#2608 PR merged: Fix setting boot path in case of UEFI partition (ESP) on MD RAID

Labels: enhancement, bug, cleanup, fixed / solved / done

pcahyna opened issue at 2021-04-28 18:09:

Pull Request Details:
  • Type: Bug Fix

  • Impact: High

  • Reference to related issue (URL): #2595

  • How was this pull request tested?
    Backup & restore on a RHEL 8 host with UEFI but without RAID and on a CentOS 7 host with UEFI and RAID (ESP on RAID). Examination of logs to check that correct efibootmgr commands were executed.

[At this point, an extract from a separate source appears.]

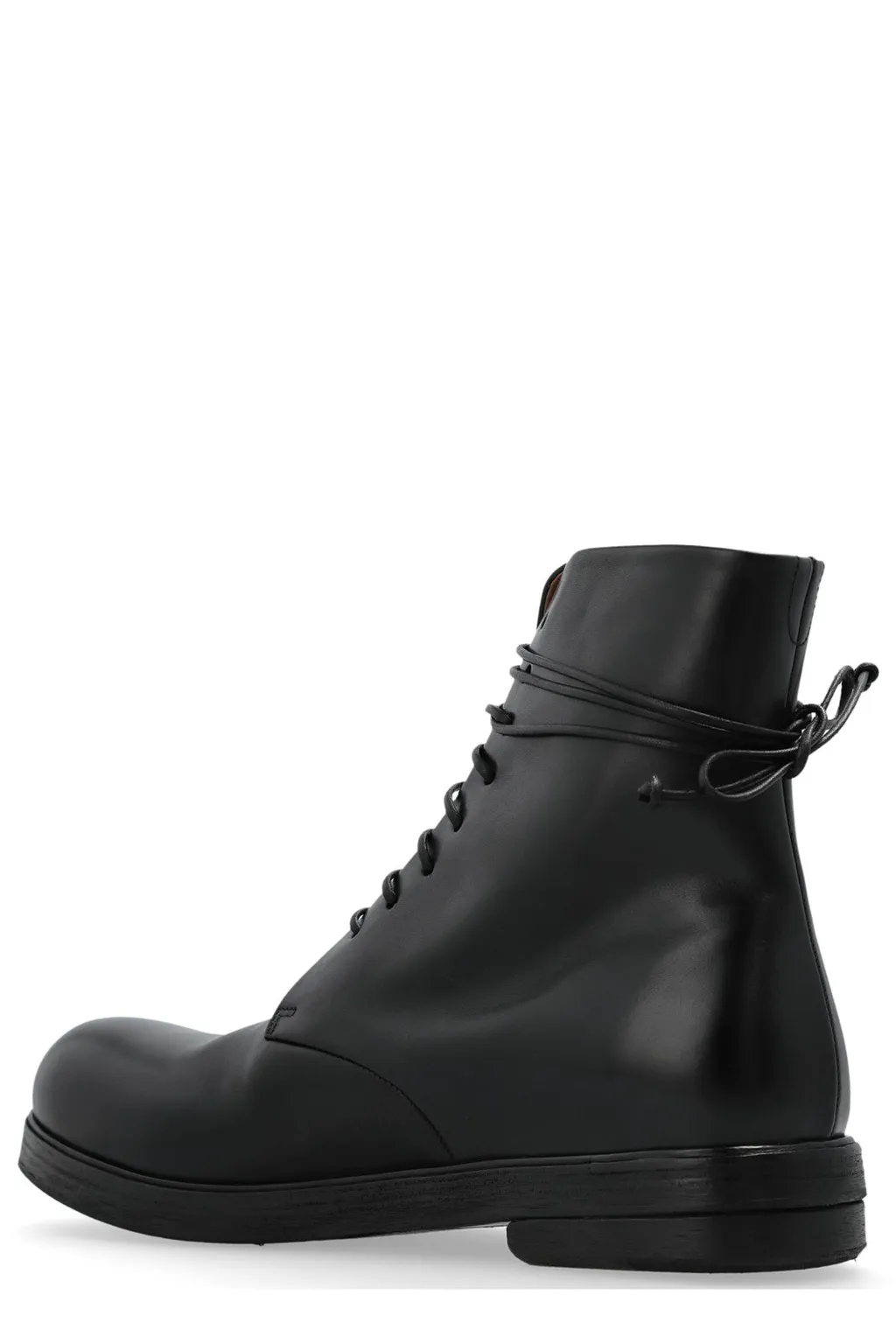 MarsÈLl Zucca Zeppa Combat Boots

  • Brief description of the changes in this pull request:

Use dependencies when determining partitions for UEFI

The ESP may be located on a RAID device. In this case, we need to determine the physical RAID components and call efibootmgr on them (after restoring - during the finalize step), because efibootmgr does not know how to tell the firmware to boot from RAID. Moreover, the current code tries to parse a device like /dev/md125 into a disk called /dev/md and partition 125.

Fix by using storage dependencies: RAID components (the actual ESP copies) can be found as dependencies of the ESP block device. For consistency, use dependencies also to locate the ESP block device itself (the old method is preserved as a fallback). Similar strategy is used by the GRUB2 installation code (finalize/Linux-i386/660_install_grub2.sh), which is able to install GRUB2 on the RAID components correctly.

In addition, clean up usr/share/rear/finalize/Linux-i386/670_run_efibootmgr.sh a bit and add more logging to ease analysis when something goes wrong in this area.

TODO: finalize/Linux-i386/610_EFISTUB_run_efibootmgr.sh needs a similar fix.

Fixes #2595

pcahyna commented at 2021-04-29 18:58:

@gdha hello, should it have the enhancement label, when it Fixes #2595, which has the bug label?

pcahyna commented at 2021-04-29 18:59:

@rmetrich hello, please review, as you reported the problem.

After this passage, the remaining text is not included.